Most of the women who submitted had not considered themselves lesbians when they entered religious life. Of those profiled in the book, 42 had chosen to leave religious life, although whether this was primarily due to their lesbian identity is unclear.

== Reception ==
The book was controversial with Catholic authorities prior to release. In April 1985, after the two authors were interviewed by The Boston Globe ahead of the book's release, the Archdiocese of Boston intervened to prevent a local television show from broadcasting an interview with the two women. In response, The Boston Globe began a campaign against the diocese, criticizing them for infringing freedom of speech. Religious opposition would continue; when Curb and Manahan promoted their book on The Late Late Show in Ireland, a group held a prayer vigil outside the studio. The two women also had their hotel reservations cancelled. However, Irish reception was not entirely negative; contemporary reports said that "the book's publisher in Ireland was trying to get extra copies of the book to meet demand raised by the publicity".
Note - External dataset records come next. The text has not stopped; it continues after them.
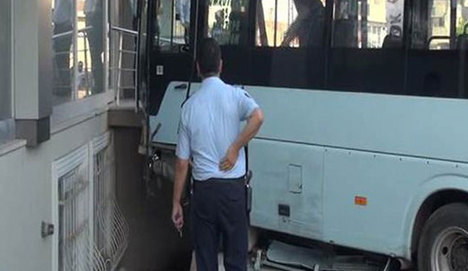 İstanbul'da minibüs dehşeti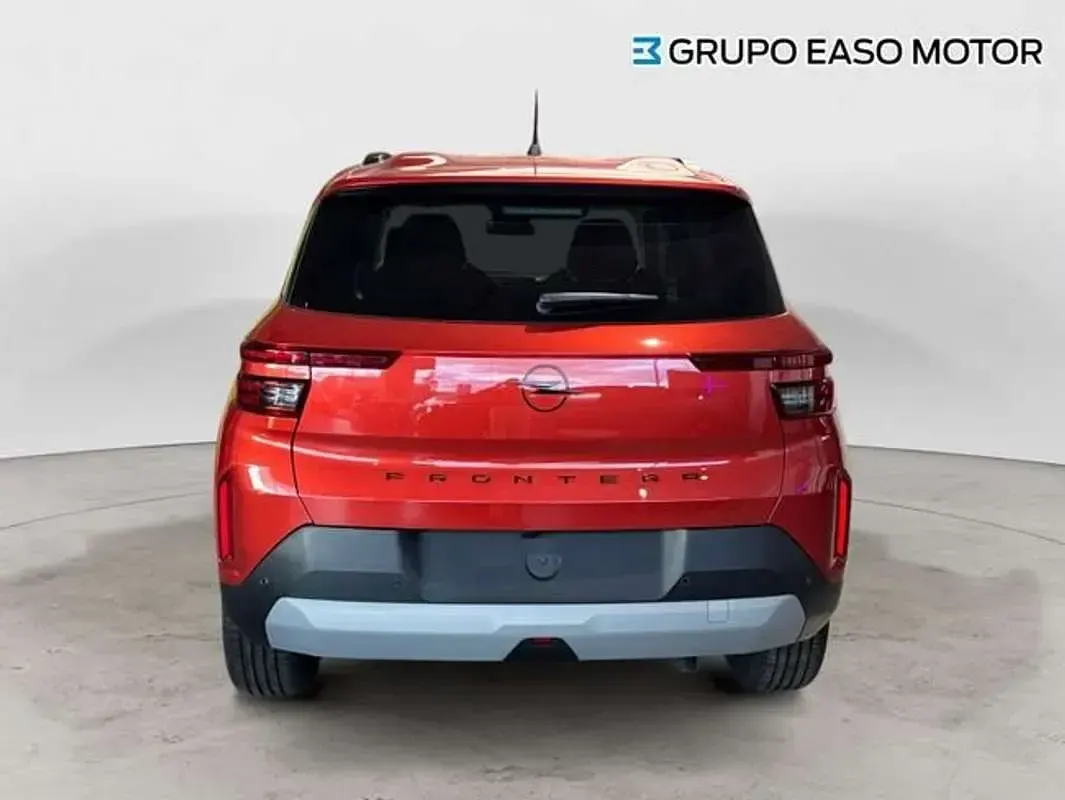 Nuevo Opel Frontera S 145 CV (106 kW) 2026 Naranja SUV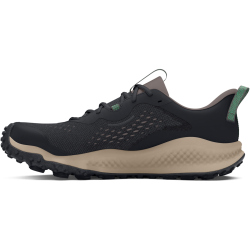 UNDER ARMOUR Charged Maven Trail-Laufschuhe Herren 003 - black/fresh clay/vapor green 43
As a result of the controversy, the book received more coverage in the media. The book, which had been at first only carried by LGBTQ bookstores, was "moved to the front stands of the large book chains, Dalton and Waldenbooks". A month after its release, there was enough demand that a third printing was done, creating 150,000 total copies on the market.

In academic and literary circles, the book was largely well received. An Associated Press review did note that they wished the book had dug deeper into why the women who had left had chosen to leave, how those who remained in religious life reconciled their lesbian identity with their vows of chastity, and whether heterosexual women in religious life also felt similarly restrained.

== Later editions ==
Since its initial release, Lesbian Nuns has been released in or translated for markets in Australia, Brazil, England, France, Germany, Ireland, Italy, the Netherlands, New Zealand, and Spain.

The 2013 edition, published by Bella Books with a new cover in paperback and eBook, includes a foreword by historian Joanne Passet, an afterword by Rosemary Keefe Curb (created by Nancy Manahan from Keefe Curb's unfinished memoir after her death in 2012), the Windy City Times obituary ("Lesbian Nuns co-editor Rosemary Keefe Dies")
and an afterword by Nancy Manahan.

ABC-TV purchased film rights for the book, although a film has not been produced as of 2026.